People

Man in living history dress rides horse on high grass trail in fall
Riding to the fort

NPS

The existence of Bent’s Fort begins with the people who first called this land home. Cheyenne and Arapaho encampments stretched across the Southern Plains when Charles Bent first met with Cheyenne Chief, Yellow Wolf. The two developed a long-standing business partnership where Native American nations built a local empire in buffalo robes. Trade at the post continued because of traders who passed by its front doors. Situated squarely on the Santa Fe Trail, the fort benefitted from merchant traffic. Fifty percent of traders traveled north from Mexico. Mexican interest went beyond commerce to the very construction of the fort itself. The structure’s towering walls rested entirely on the craftmenship of Mexican adobe masons. From its literal foundations, Bent’s Fort was an international enterprise.

With each passing year, commerce depended on Bent’s business relations within a vast international and cross-cultural network. An 1847 visitor, Josiah Gregg, comments, “It is seldom that such a variety of ingredients are found mixed up in so small a compass…” In his journal, Gregg describes an assembly of characters from diverse backgrounds speaking numerous different languages. Their purpose was friendly trade. Traders arrived in these Borderlands from all directions: Mexico, Canada, eastern and southern states, and territories and nations yet to be claimed by the United States. It was not uncommon to hear a mixture of Spanish, French, German and English dialects at this remote hub. In addition, dozens of tribal nations speaking their first language gathered from hundreds of miles away to hold trade councils. Meaningful negotiation increased allies and benefitted the way of life for all.

George Bent, born at the fort in 1843, recalled the fort employed as many as one hundred people at a given time. Work tended to be divided according to social class. Clerks, managers, bookkeepers, and doctors were educated in the East and held a measure of financial means to risk in the West. Skilled laborers like carpenters, wheelwrights and blacksmiths toiled to keep wagon wheels rolling. Tailors and gunsmiths served traders and merchants by keeping them clothed and supplied. Vaqueros made sure horses were trained and ready for exchange as the demand for transportation and horse trading increased. Cheyenne and Arapaho men hunted the buffalo while the women cleaned and prepared the heavy robes for trade. The seasonal nature of the buffalo robe trade meant most fort employees worked on a periodic basis. Winter was busiest. Former mountain men contributed their hunting and trapping skills to supply hungry fort visitors with necessary meat. Domestic work like cleaning, candlemaking and cooking fell to the fewest population of workers – women. There are only a handful on record, and almost all were non white, mixed race or enslaved.

As Bent’s Fort gained an economic foothold, political involvement grew. During the 1840s, aspiring figures had close ties with Bent’s Fort.
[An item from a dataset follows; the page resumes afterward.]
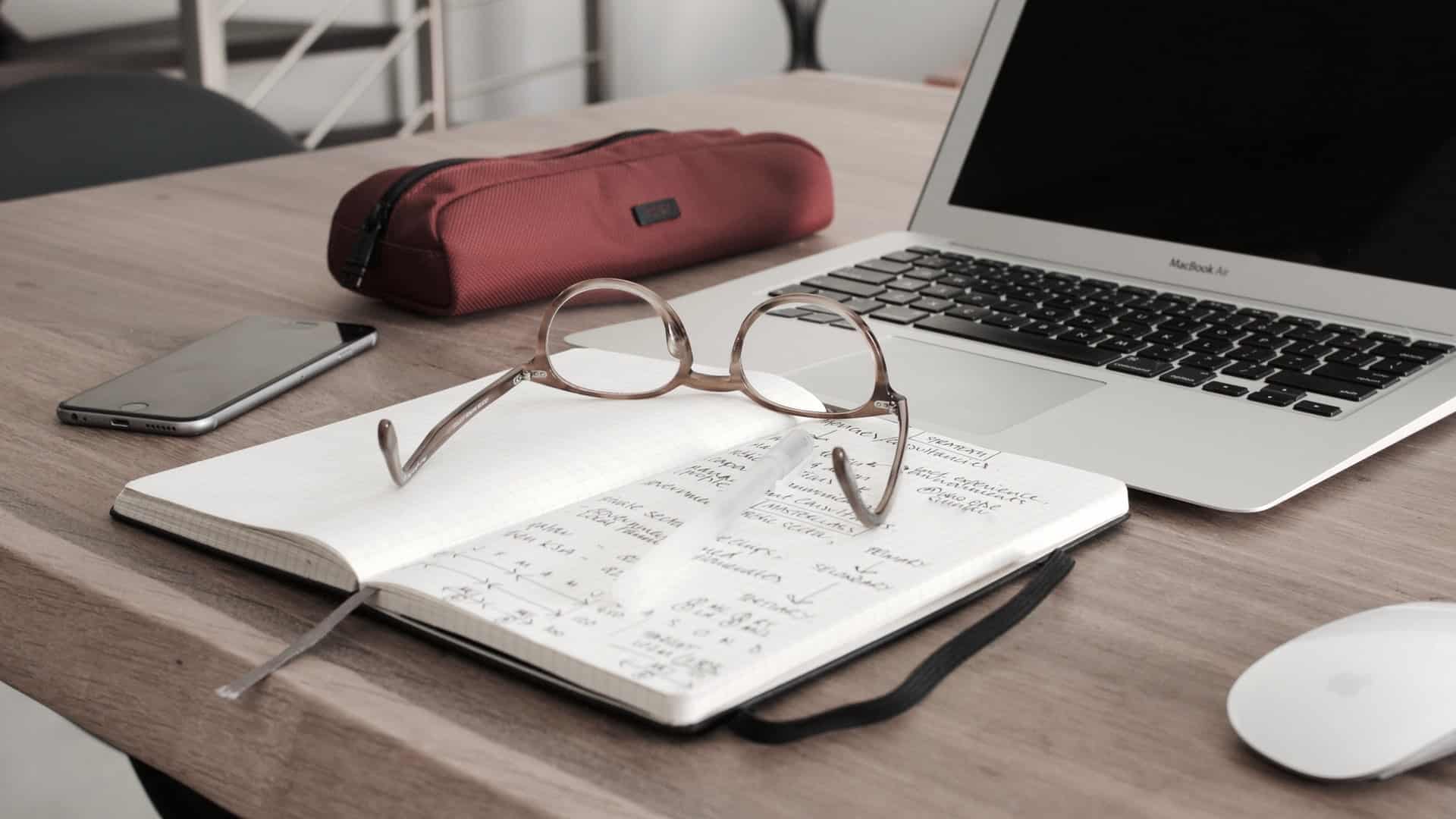 Image shows glasses on a notebook and an open laptop, illustrating the concept of academia.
Future Senator, Congressman, General and eventual Vice Presidential candidate, Francis Blair Jr., spent a good deal of time at the fort and alongside George Bent in New Mexico. U.S. consul and later lieutenant governor of New Mexico, Manuel Alvarez, worked closely with Charles Bent in Santa Fe to ease taxes on trade. Missouri’s own governor, Lilburn Boggs, married William Bent’s sister, Julia. And as families often look out for each other, William employed Bogg’s son, Thomas, as a company trader for ten years. Government-sponsored explorers like John C. Fremont saw Bent’s Fort as a convenient stopover for supplies and intelligence gathering. Moreover, the U.S. military took advantage of the strategic and defensive position the fort provided. Colonel Stephen Watts Kearney’s advance on Santa Fe during the U.S./Mexican War was made possible by the planning, warehousing, and staging done within the fort’s walls.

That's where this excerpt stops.